***** DATASET ENTRIES *****

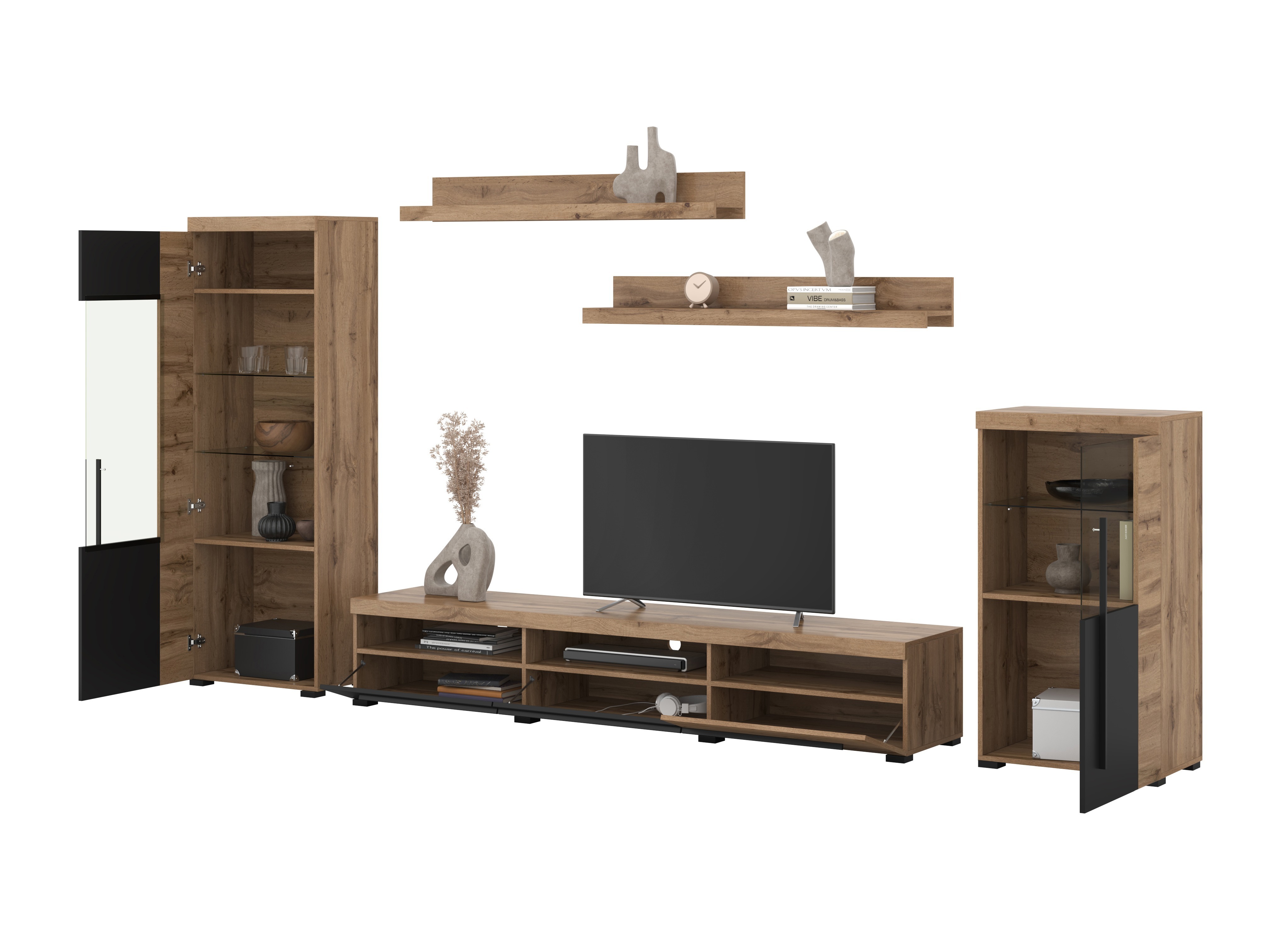 Conjunto para sala de estar Sorciro 103 (Preto + Carvalho wotan)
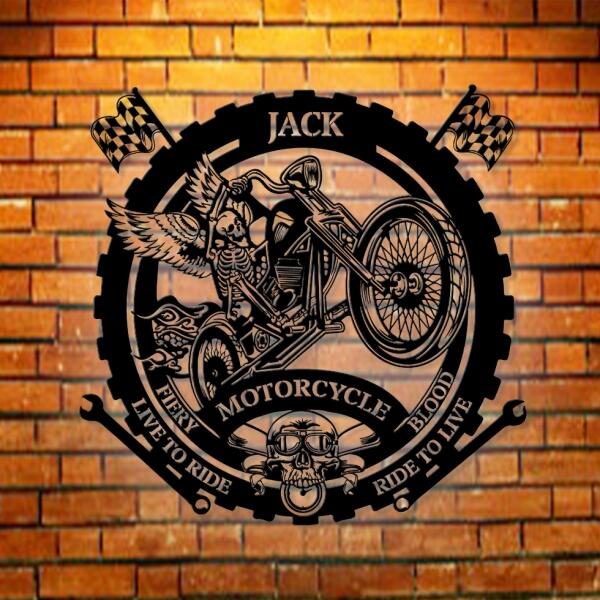 Personalized Skull Riding Motorcycle Metal Monogram Sign - Gift Idea For Motorcycle Lover - Live To Ride, Ride To Live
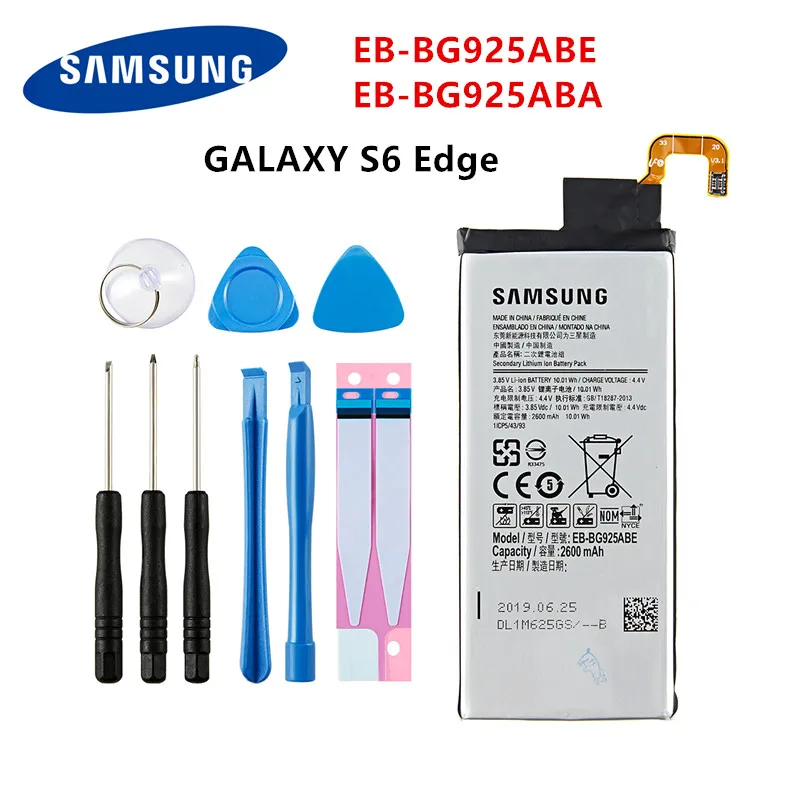 Оригинальный аккумулятор для SAMSUNG EB-BG925ABE 2600 мАч Samsung Galaxy S6 Edge G9250 G925 G925F G925S/V/A +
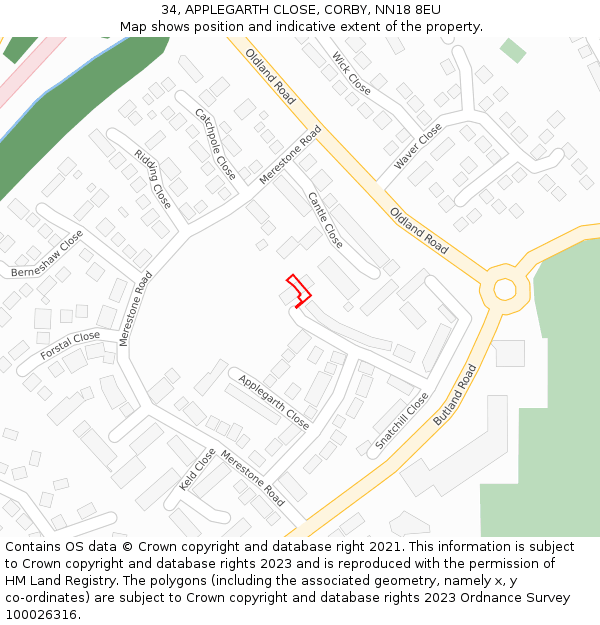 34, APPLEGARTH CLOSE, CORBY, NN18 8EU: Location map and indicative extent of plot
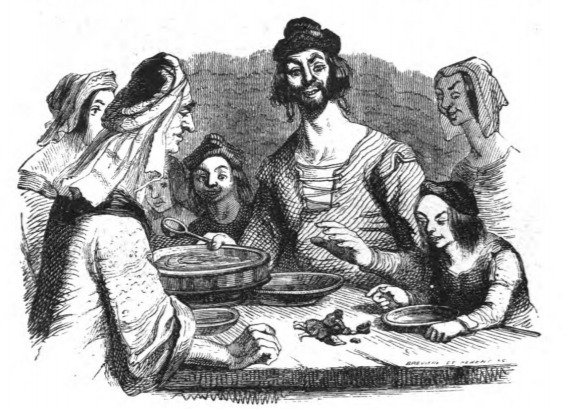 [Gulliver eats with the farmer’s family]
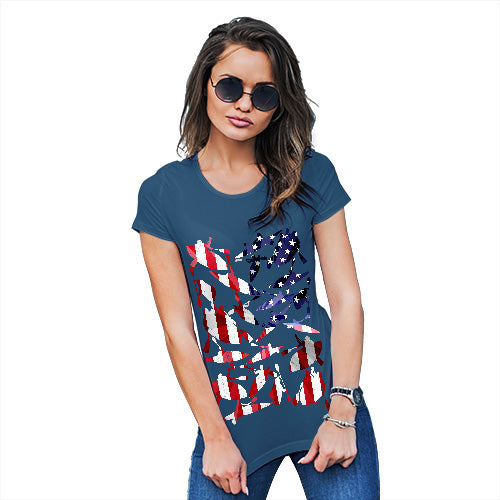 Womens Funny T Shirts USA Canoeing Silhouette Women's T-Shirt Large Royal Blue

*****

> EXERCISE BRIEF
Copy the lines above exactly and exclude every image.

> OUTPUT OF THE EXERCISE
 Conjunto para sala de estar Sorciro 103 (Preto + Carvalho wotan)
 Personalized Skull Riding Motorcycle Metal Monogram Sign - Gift Idea For Motorcycle Lover - Live To Ride, Ride To Live
 Оригинальный аккумулятор для SAMSUNG EB-BG925ABE 2600 мАч Samsung Galaxy S6 Edge G9250 G925 G925F G925S/V/A +
 34, APPLEGARTH CLOSE, CORBY, NN18 8EU: Location map and indicative extent of plot
 [Gulliver eats with the farmer’s family]
 Womens Funny T Shirts USA Canoeing Silhouette Women's T-Shirt Large Royal Blue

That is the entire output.